▸ GIVEN ENTRIES
*** Block opens ***

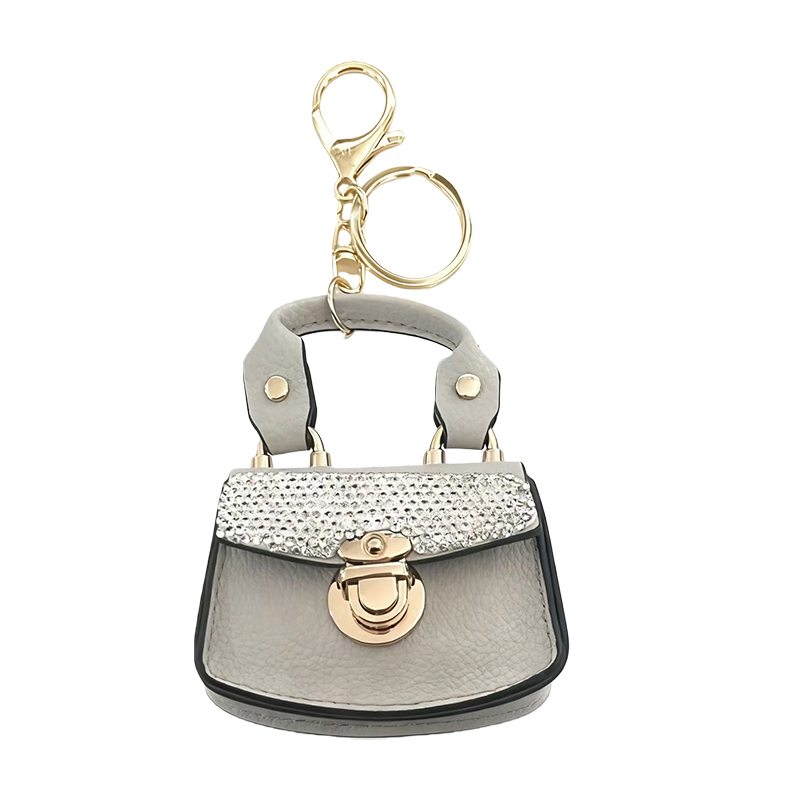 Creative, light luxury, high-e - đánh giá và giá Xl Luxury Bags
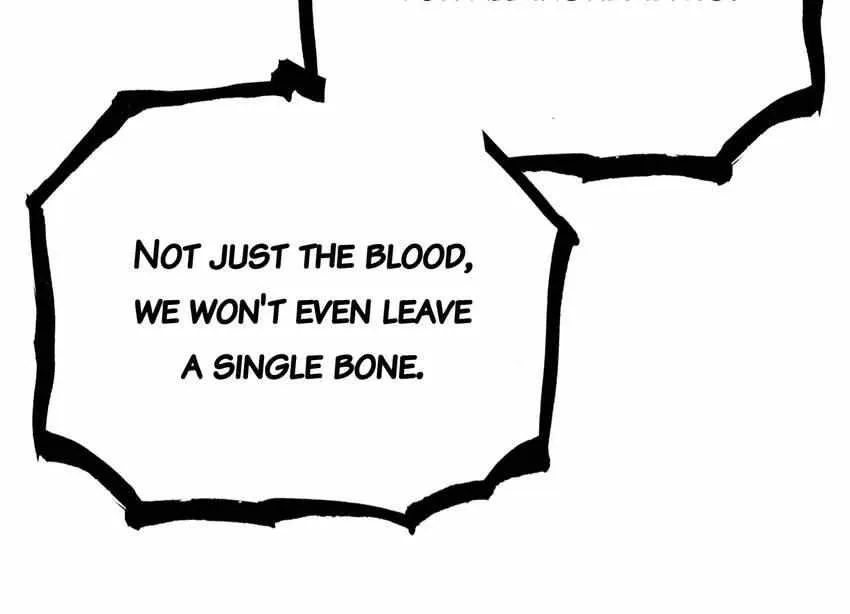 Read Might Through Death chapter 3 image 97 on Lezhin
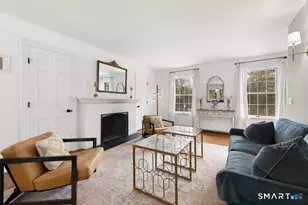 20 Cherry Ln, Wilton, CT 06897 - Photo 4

*** Block closes ***
*** Block opens ***

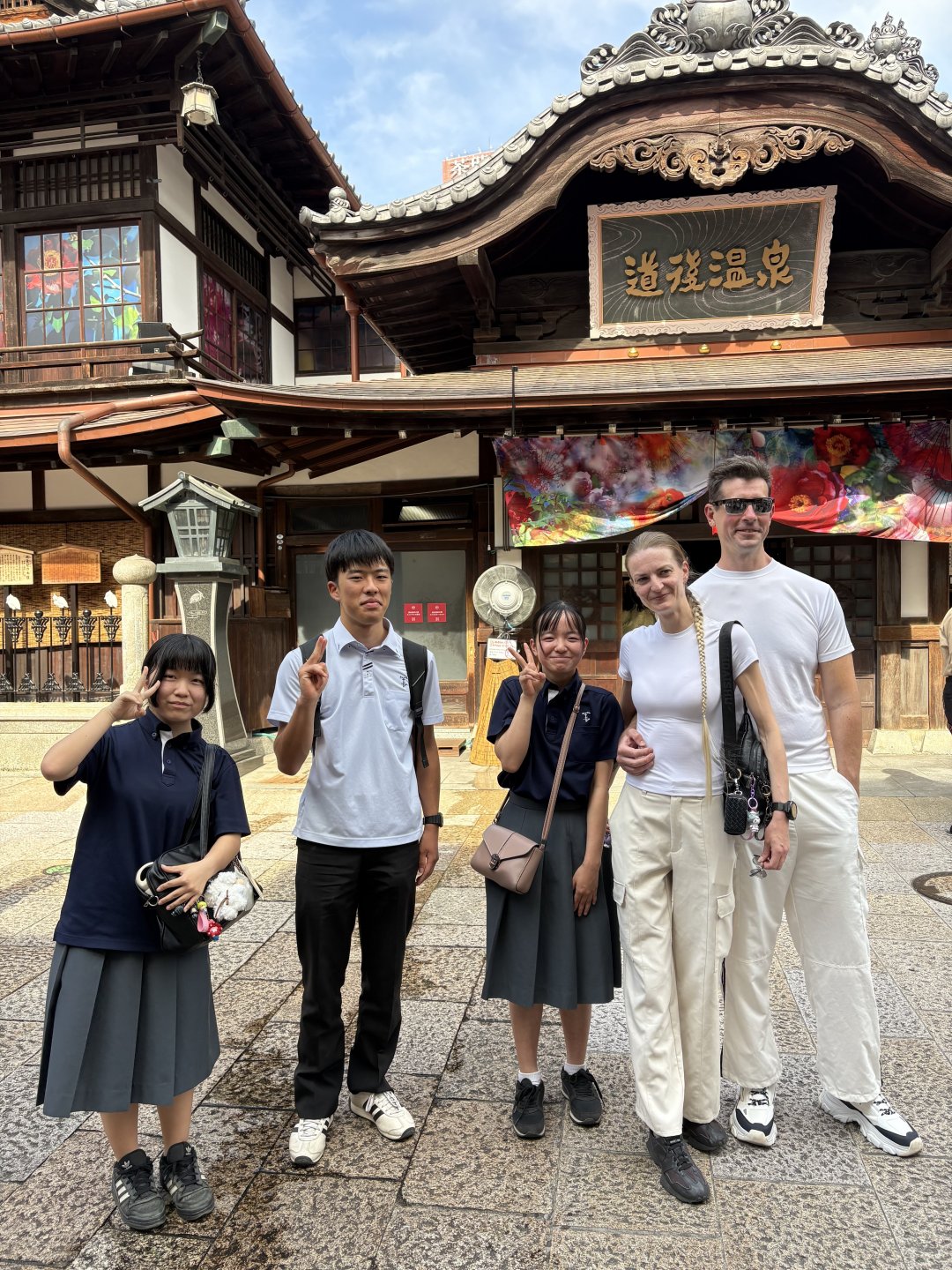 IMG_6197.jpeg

*** Block closes ***

▸ TASK DIRECTIONS
Look through the material above. Transcribe exactly the lines between the ones with "Creative, light luxury, high-e" and "20 Cherry Ln, Wilton, CT 06897 - Photo 4", inclusive, and keep pictures out.

▸ RESPONSE BOX
 Creative, light luxury, high-e - đánh giá và giá Xl Luxury Bags
 Read Might Through Death chapter 3 image 97 on Lezhin
 20 Cherry Ln, Wilton, CT 06897 - Photo 4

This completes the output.